>>

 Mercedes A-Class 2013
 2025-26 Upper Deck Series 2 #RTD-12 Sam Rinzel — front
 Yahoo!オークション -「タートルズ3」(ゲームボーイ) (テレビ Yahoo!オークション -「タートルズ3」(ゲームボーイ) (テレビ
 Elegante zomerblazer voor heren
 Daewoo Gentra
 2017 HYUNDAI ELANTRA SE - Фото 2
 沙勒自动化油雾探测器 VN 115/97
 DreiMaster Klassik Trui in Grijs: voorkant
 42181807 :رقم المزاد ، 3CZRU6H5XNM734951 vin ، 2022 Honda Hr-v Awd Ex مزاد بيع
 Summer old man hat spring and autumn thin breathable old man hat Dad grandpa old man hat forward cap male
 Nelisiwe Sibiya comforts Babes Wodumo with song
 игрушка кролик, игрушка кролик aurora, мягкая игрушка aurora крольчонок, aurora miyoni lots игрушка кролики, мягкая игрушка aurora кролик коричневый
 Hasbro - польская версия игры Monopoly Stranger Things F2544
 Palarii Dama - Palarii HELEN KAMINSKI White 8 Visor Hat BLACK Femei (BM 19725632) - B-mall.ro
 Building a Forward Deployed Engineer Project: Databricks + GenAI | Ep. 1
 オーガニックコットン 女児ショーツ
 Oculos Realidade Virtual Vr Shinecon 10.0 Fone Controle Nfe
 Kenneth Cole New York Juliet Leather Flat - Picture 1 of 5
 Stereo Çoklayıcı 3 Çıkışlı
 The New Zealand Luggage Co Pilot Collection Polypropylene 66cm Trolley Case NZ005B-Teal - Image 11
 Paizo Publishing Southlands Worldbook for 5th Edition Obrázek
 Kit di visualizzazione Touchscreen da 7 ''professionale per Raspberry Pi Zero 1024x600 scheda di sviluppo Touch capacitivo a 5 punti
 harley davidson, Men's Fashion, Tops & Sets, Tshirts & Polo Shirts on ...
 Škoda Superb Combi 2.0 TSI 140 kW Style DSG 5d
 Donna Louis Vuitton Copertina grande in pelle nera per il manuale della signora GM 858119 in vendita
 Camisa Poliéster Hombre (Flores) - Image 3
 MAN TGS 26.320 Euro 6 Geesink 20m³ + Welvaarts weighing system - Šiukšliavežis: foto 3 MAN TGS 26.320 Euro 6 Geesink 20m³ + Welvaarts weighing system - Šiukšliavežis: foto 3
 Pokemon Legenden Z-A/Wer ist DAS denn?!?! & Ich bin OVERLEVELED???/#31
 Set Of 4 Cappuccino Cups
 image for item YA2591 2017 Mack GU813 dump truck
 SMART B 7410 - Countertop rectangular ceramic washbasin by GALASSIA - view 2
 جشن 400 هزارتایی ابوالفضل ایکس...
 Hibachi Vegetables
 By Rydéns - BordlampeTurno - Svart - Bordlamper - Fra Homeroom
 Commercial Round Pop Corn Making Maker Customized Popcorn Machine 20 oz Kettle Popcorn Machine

<<

## Problem statement:
Once you have read the material above, write all of it out again exactly.

## Written response:
 Mercedes A-Class 2013
 2025-26 Upper Deck Series 2 #RTD-12 Sam Rinzel — front
 Yahoo!オークション -「タートルズ3」(ゲームボーイ) (テレビ Yahoo!オークション -「タートルズ3」(ゲームボーイ) (テレビ
 Elegante zomerblazer voor heren
 Daewoo Gentra
 2017 HYUNDAI ELANTRA SE - Фото 2
 沙勒自动化油雾探测器 VN 115/97
 DreiMaster Klassik Trui in Grijs: voorkant
 42181807 :رقم المزاد ، 3CZRU6H5XNM734951 vin ، 2022 Honda Hr-v Awd Ex مزاد بيع
 Summer old man hat spring and autumn thin breathable old man hat Dad grandpa old man hat forward cap male
 Nelisiwe Sibiya comforts Babes Wodumo with song
 игрушка кролик, игрушка кролик aurora, мягкая игрушка aurora крольчонок, aurora miyoni lots игрушка кролики, мягкая игрушка aurora кролик коричневый
 Hasbro - польская версия игры Monopoly Stranger Things F2544
 Palarii Dama - Palarii HELEN KAMINSKI White 8 Visor Hat BLACK Femei (BM 19725632) - B-mall.ro
 Building a Forward Deployed Engineer Project: Databricks + GenAI | Ep. 1
 オーガニックコットン 女児ショーツ
 Oculos Realidade Virtual Vr Shinecon 10.0 Fone Controle Nfe
 Kenneth Cole New York Juliet Leather Flat - Picture 1 of 5
 Stereo Çoklayıcı 3 Çıkışlı
 The New Zealand Luggage Co Pilot Collection Polypropylene 66cm Trolley Case NZ005B-Teal - Image 11
 Paizo Publishing Southlands Worldbook for 5th Edition Obrázek
 Kit di visualizzazione Touchscreen da 7 ''professionale per Raspberry Pi Zero 1024x600 scheda di sviluppo Touch capacitivo a 5 punti
 harley davidson, Men's Fashion, Tops & Sets, Tshirts & Polo Shirts on ...
 Škoda Superb Combi 2.0 TSI 140 kW Style DSG 5d
 Donna Louis Vuitton Copertina grande in pelle nera per il manuale della signora GM 858119 in vendita
 Camisa Poliéster Hombre (Flores) - Image 3
 MAN TGS 26.320 Euro 6 Geesink 20m³ + Welvaarts weighing system - Šiukšliavežis: foto 3 MAN TGS 26.320 Euro 6 Geesink 20m³ + Welvaarts weighing system - Šiukšliavežis: foto 3
 Pokemon Legenden Z-A/Wer ist DAS denn?!?! & Ich bin OVERLEVELED???/#31
 Set Of 4 Cappuccino Cups
 image for item YA2591 2017 Mack GU813 dump truck
 SMART B 7410 - Countertop rectangular ceramic washbasin by GALASSIA - view 2
 جشن 400 هزارتایی ابوالفضل ایکس...
 Hibachi Vegetables
 By Rydéns - BordlampeTurno - Svart - Bordlamper - Fra Homeroom
 Commercial Round Pop Corn Making Maker Customized Popcorn Machine 20 oz Kettle Popcorn Machine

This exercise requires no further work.